(THE TASK)
Copy, pictures aside: the lines below from the one that holds "modern bathroom with" through the final line of the listing, both ends included, exactly as they are and nothing else.
○ ○ ○ ○ ○
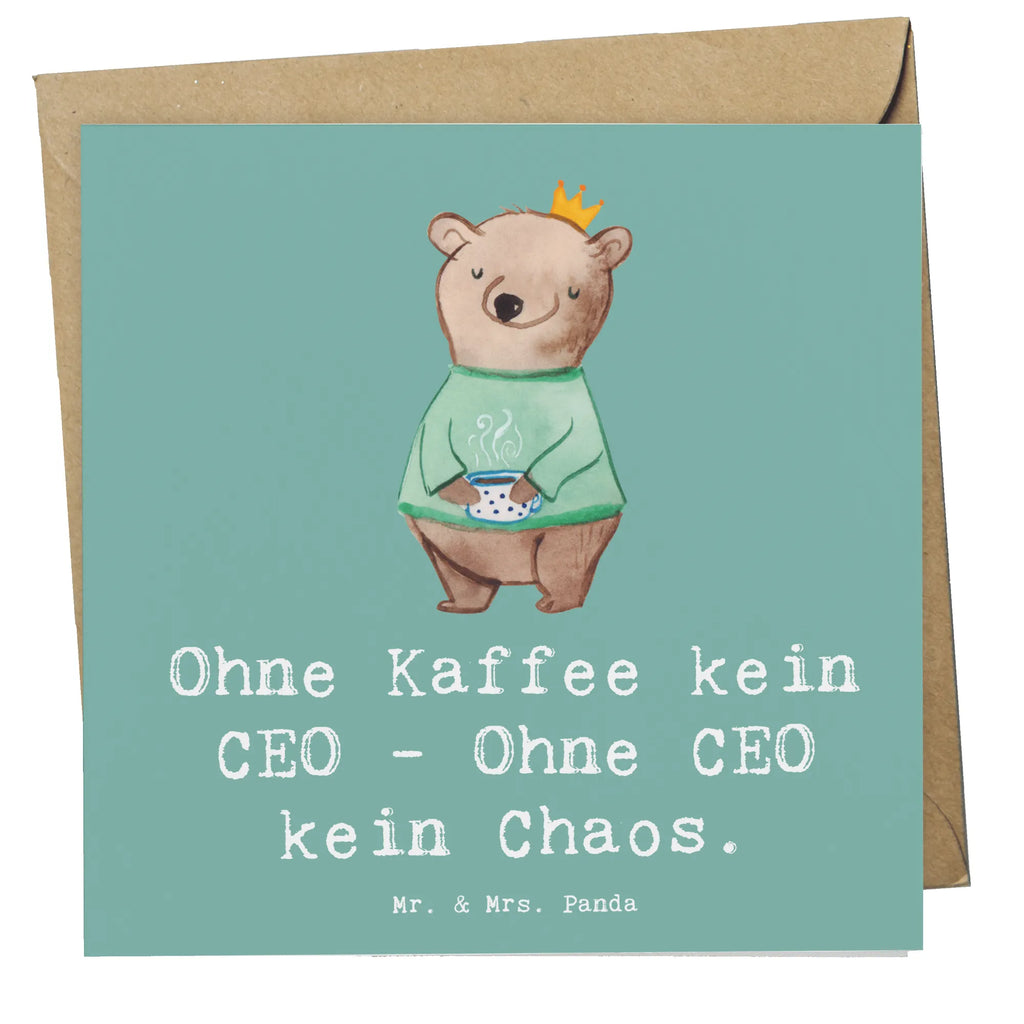 Deluxe Card Ohne Kaffee kein CEO - Ohne CEO kein Chaos. Hochwertige Grußkarte, Klappkarte, Geburtstagskarte, Glückwunschkarte, Einladungskarte, Karte, Grußkarte, Hochwertige Klappkarte, Hochzeitskarte, Beruf, Ausbildung, Jubiläum, Abschied, Rente, Kollege, Kollegin, Geschenk, Schenken, Arbeitskollege, Mitarbeiter, Firma, Danke, Dankeschön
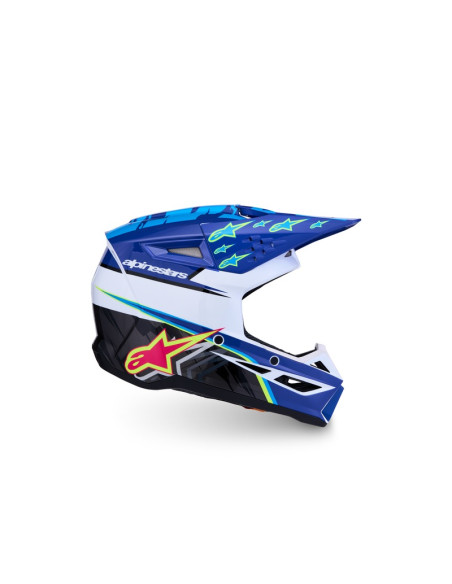 Casque cross enfant Alpinestars 2027 S-M3 Falcon  - Bleu Blanc Noir Rose Fluo Jaune Fluo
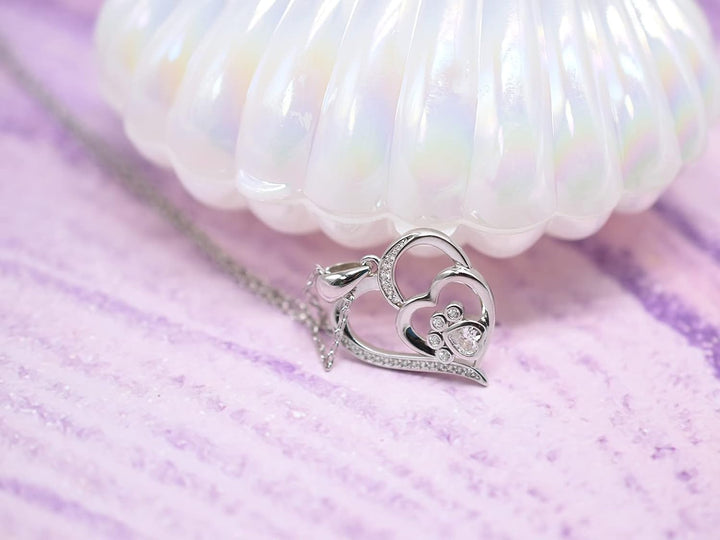 Sterling Silver Paw Print Heart Necklace with Zirconia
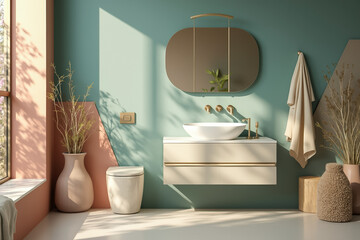 modern bathroom with teal walls and gold fixtures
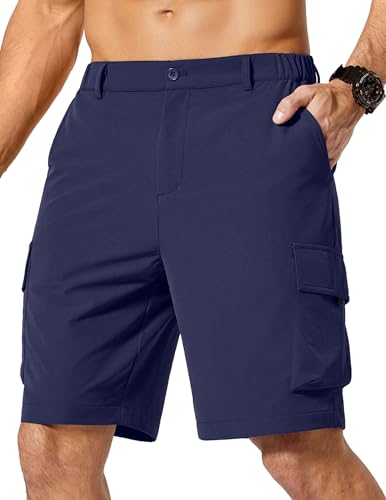 COOFANDY Hiking Shorts Men Lightweight Outdoor Work Shorts for Men 2026 Fashion Quick Dry 9 Inch Shorts Navy Blue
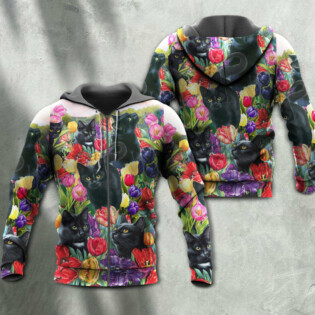 Black Cat Love Flowers Colorful - Hoodie - Owl Ohh - Owl Ohh
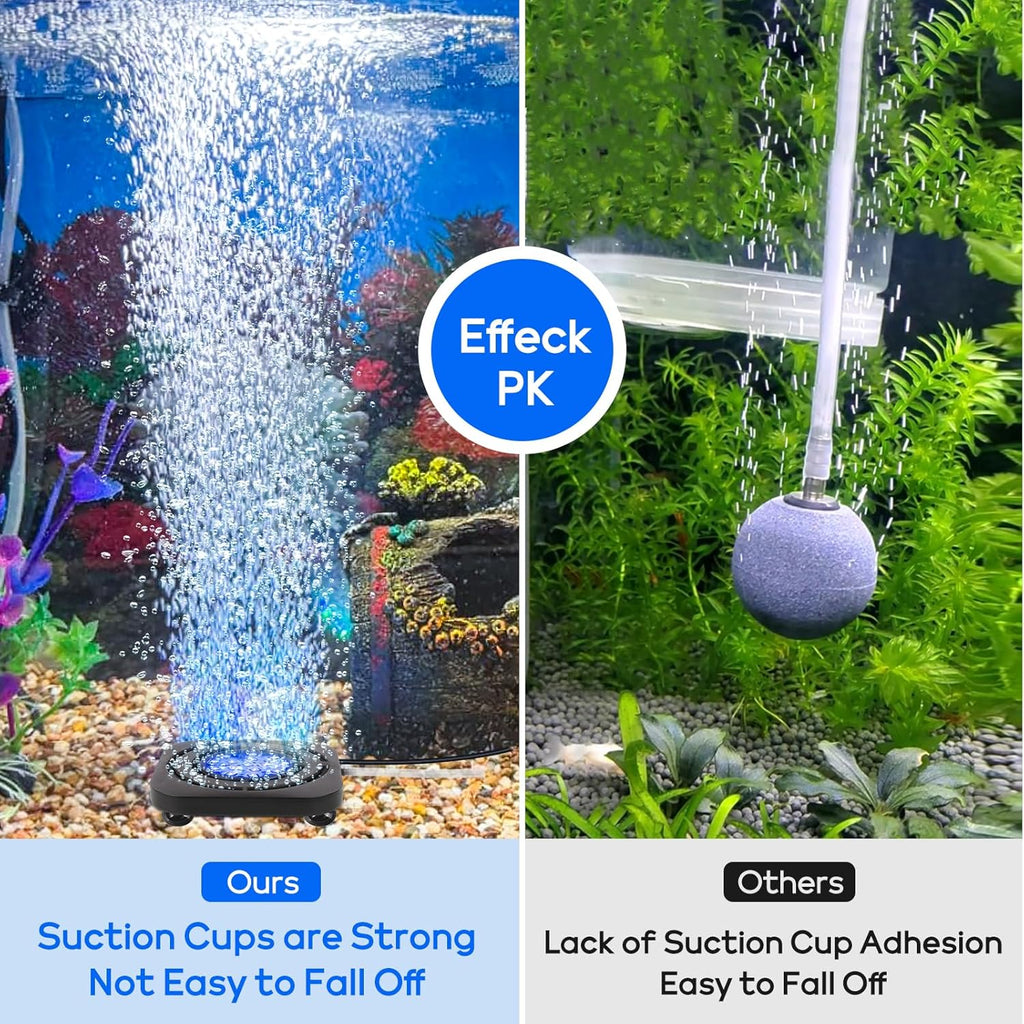 Submersible Fish Tank Decor Light: Aquarium Bubble LED Lights - IP68 Waterproof APP Remote Control 5050 RGB Color Changing Aquarium Decor Bubble Lamp for Fish Enthusiasts Aquatic Pets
○ ○ ○ ○ ○
(ANSWER TO THIS PROBLEM)
 modern bathroom with teal walls and gold fixtures
 COOFANDY Hiking Shorts Men Lightweight Outdoor Work Shorts for Men 2026 Fashion Quick Dry 9 Inch Shorts Navy Blue
 Black Cat Love Flowers Colorful - Hoodie - Owl Ohh - Owl Ohh
 Submersible Fish Tank Decor Light: Aquarium Bubble LED Lights - IP68 Waterproof APP Remote Control 5050 RGB Color Changing Aquarium Decor Bubble Lamp for Fish Enthusiasts Aquatic Pets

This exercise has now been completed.